* Aim of the task:
Set down the whole listing below exactly. The pictures stay out.

*** Task input Section Begins ***

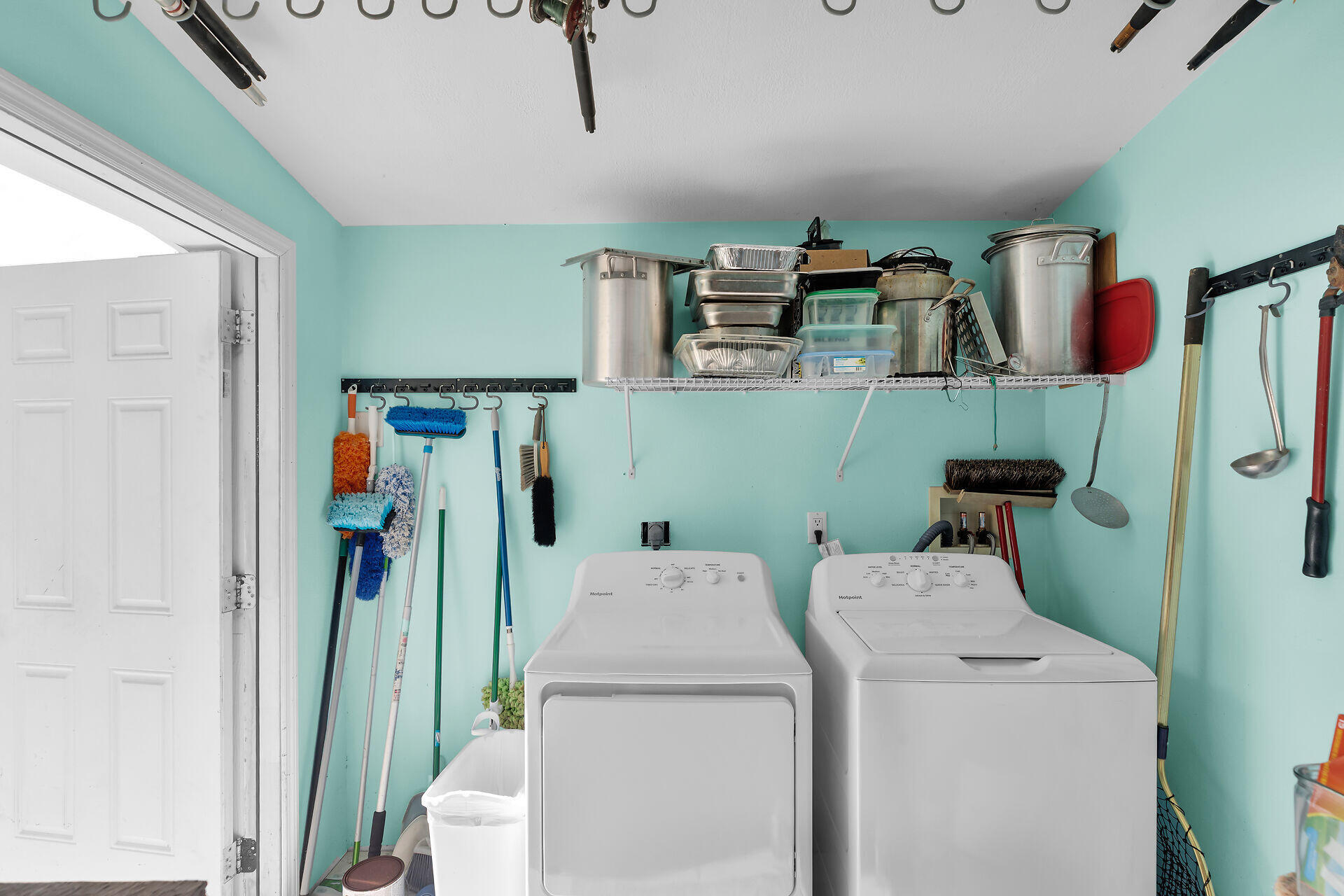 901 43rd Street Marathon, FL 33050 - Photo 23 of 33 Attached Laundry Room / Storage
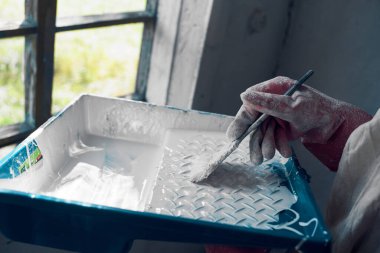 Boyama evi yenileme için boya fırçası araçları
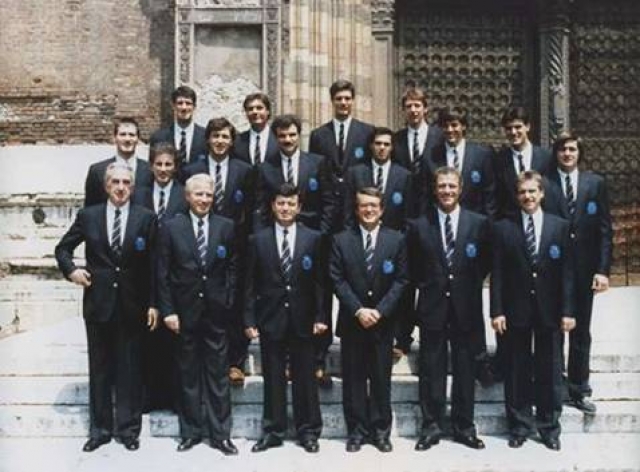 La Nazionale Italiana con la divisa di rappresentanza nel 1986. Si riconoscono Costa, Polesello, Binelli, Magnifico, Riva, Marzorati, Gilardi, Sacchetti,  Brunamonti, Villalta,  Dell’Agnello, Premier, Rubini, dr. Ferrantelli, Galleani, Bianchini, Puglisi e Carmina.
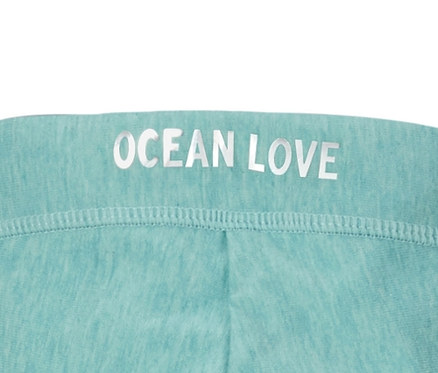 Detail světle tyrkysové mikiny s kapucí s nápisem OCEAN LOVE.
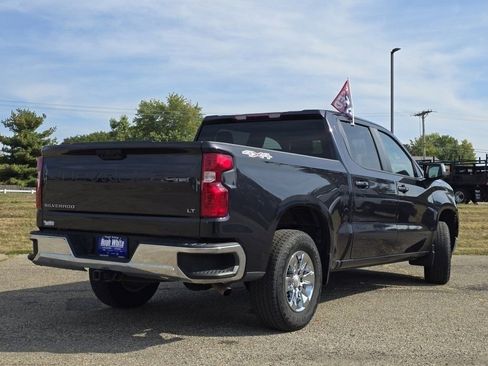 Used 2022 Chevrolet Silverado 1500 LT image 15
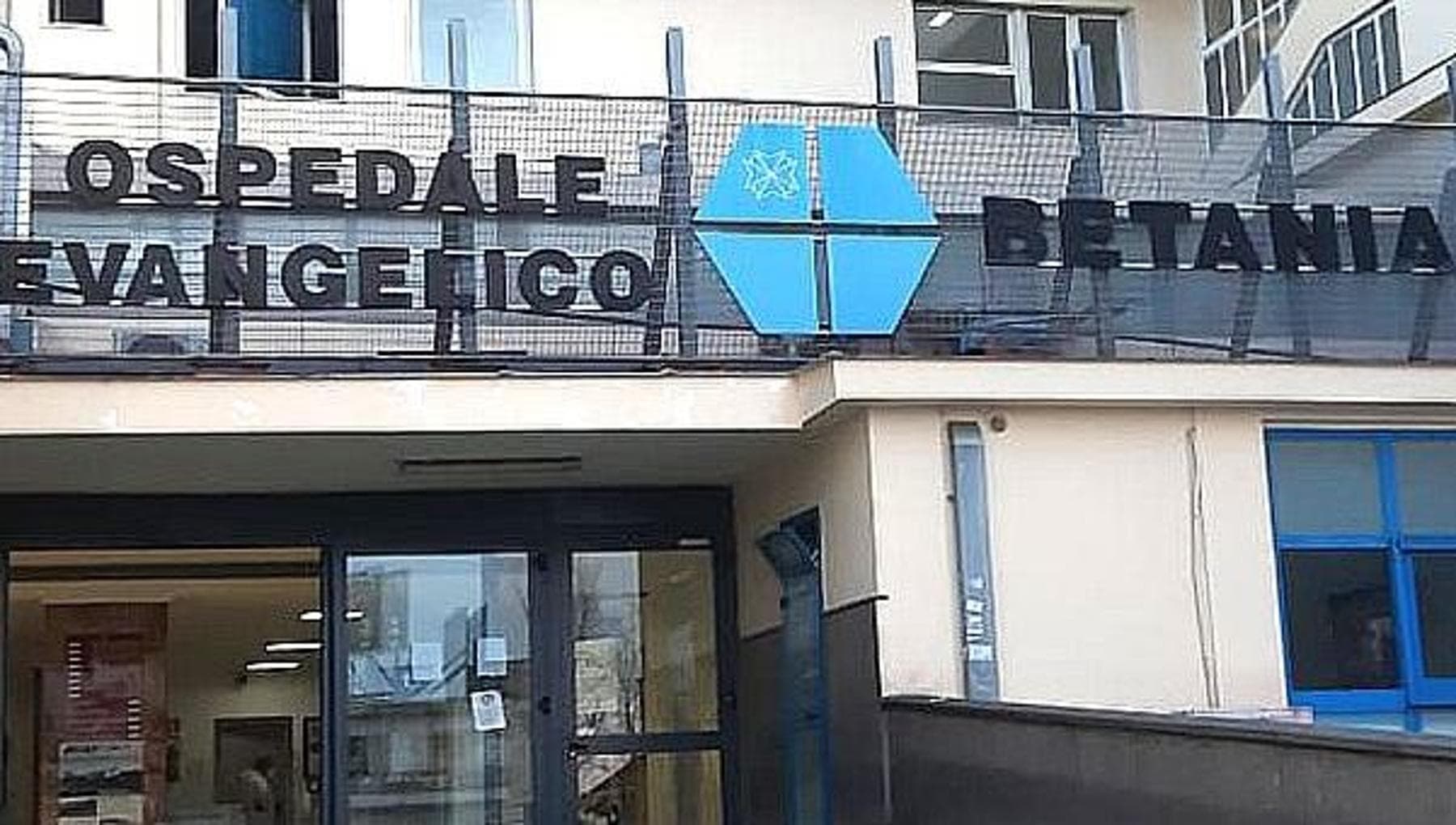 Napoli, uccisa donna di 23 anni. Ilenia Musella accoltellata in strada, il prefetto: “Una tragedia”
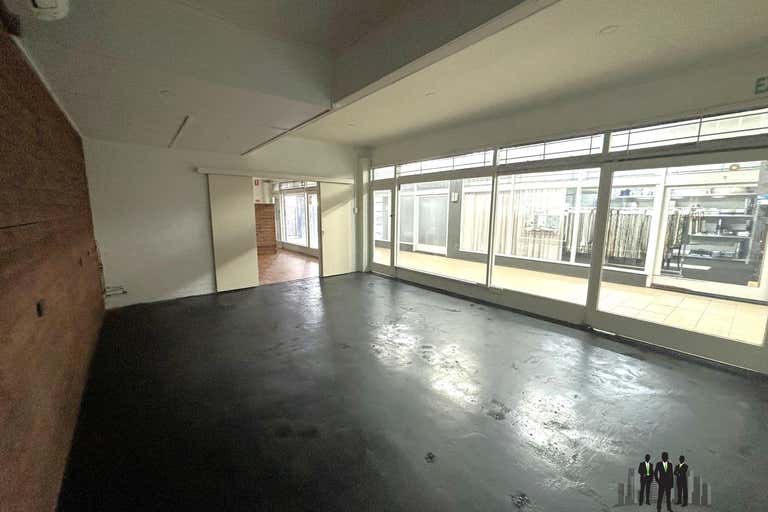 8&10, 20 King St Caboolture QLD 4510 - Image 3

*** Task input Section Ends ***

* Exercise output:
 901 43rd Street Marathon, FL 33050 - Photo 23 of 33 Attached Laundry Room / Storage
 Boyama evi yenileme için boya fırçası araçları
 La Nazionale Italiana con la divisa di rappresentanza nel 1986. Si riconoscono Costa, Polesello, Binelli, Magnifico, Riva, Marzorati, Gilardi, Sacchetti,  Brunamonti, Villalta,  Dell’Agnello, Premier, Rubini, dr. Ferrantelli, Galleani, Bianchini, Puglisi e Carmina.
 Detail světle tyrkysové mikiny s kapucí s nápisem OCEAN LOVE.
 Used 2022 Chevrolet Silverado 1500 LT image 15
 Napoli, uccisa donna di 23 anni. Ilenia Musella accoltellata in strada, il prefetto: “Una tragedia”
 8&10, 20 King St Caboolture QLD 4510 - Image 3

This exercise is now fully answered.